I can just picture my husband dressed all in khaki, hacking his way through dense undergrowth (and overgrowth), battling anacondas, and adorned with a pith helmet. (Whatever that is. I can only assume it’s a hat full of pith.)

That’s my vision of Dan as an eco-warrior. None of this chaining himself to construction equipment, living in a treetop for weeks on end, or throwing himself between a harpoon and a whale.

He’s a kinder, gentler eco-warrior. He carries a trowel rather than a machete and a watering can instead of a canteen. Dan never met a plant he didn’t like. (Except for thistles. He had an epic battle with thistles one year, and I’m still not sure it’s completely over. The thistle is the creeping definition of an invasive species. But I digress.)

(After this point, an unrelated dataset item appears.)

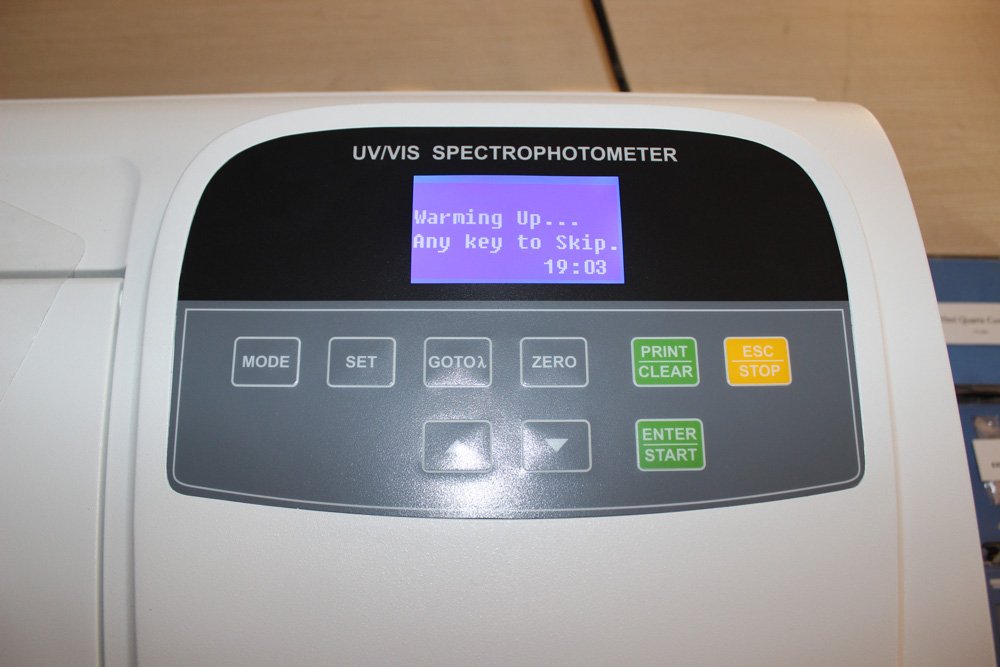 LCD Screen Uv Visible Spectrophotometer MDLUV09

In fact, Dan never met a weed he didn’t like. In yet another fact, he’s never met a weed at all (unless you count the aforementioned thistles). To him, as he often says, sometimes at dinner parties, a weed is just a plant that grows where you don’t want it to.

Unfortunately, the city disagrees. To them, a weed is a plant ten inches tall or greater. (Thistles are generally taller than ten inches.) They’re not quite as bad as a Home Owners’ Association, but they get pretty snippy if you don’t snip plants off where they think you should. I try not to get involved in the epic battles this clash of cultures leads to. (I don’t always succeed.)

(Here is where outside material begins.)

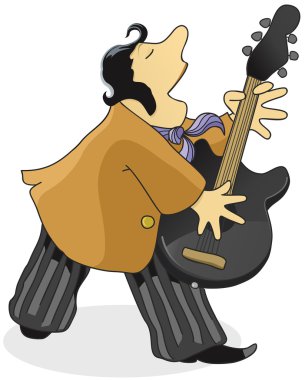 Gitarist.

Anyway, Dan has changed his strategy. Instead of planting flowers or shrubs that get mistaken for weeds, he’s planting trees this year, which are supposed to get over 10 inches tall. (He’ll never see the fully grown trees, of course, but he wants to leave a little forest in the sloping space that would be impossible to mow anyway because it’s so steep. Not that he’d want to. But I digress again.)

He’s also given to making a small jungle inside the house. He regularly brings home plants from Meijer when they’re about to expire (or be dead, reduced in price, or thrown away). He has night-blooming jasmine, shamrocks, and some long-legged things that I fear are going to strangle me in my sleep someday. He brings me orchids for my desk, for no reason. He’s also very fond of hanging baskets of begonias and ferns.

Every year, he makes a wish list of plants that he wants for spring or fall. (I get to research them on the internet and find the money to pay for them. Then he (reluctantly) prunes his wish list down closer to the figure that I came up with. He always forgets to add the shipping costs, which are pretty high for live plants. I also get to check with the companies to see which plants are out of stock and which are available only as seeds rather than live plants. Dan wants me to be involved in his gardening, and I’d have to say I am, even if I don’t dig in the dirt. But I digress at length.)

These internet-and-catalogue expeditions occur regularly twice a year, in spring and fall. And spring is often defined as January, so that the plants he wants won’t be out of stock. Then comes the waiting and the pleas to check my email to see if the greenery has shipped yet. (All the correspondence comes to me since I am the one who does the actual ordering. My plant catalogue email list is as prolific as a spider plant. But I digress some more.)

Back when he lived in Pennsylvania, Dan had a small greenhouse attached to his parents’ house. I don’t think he has ever gotten over it and wants to replicate it here, which we can’t afford. (He had a “dwarf” banana tree in the greenhouse. When it touched the roof and started to bend over, he dug a hole in the dirt floor and sank the pot down into it, so the tree would have extra room to grow. He seems to have a visceral objection to pruning. But I digress yet again.)

This year for Christmas, I think I’m going to buy him that pith helmet, if I can figure out his size and find an online supplier. Maybe one for me, too, just so I can be involved in the eco-wars.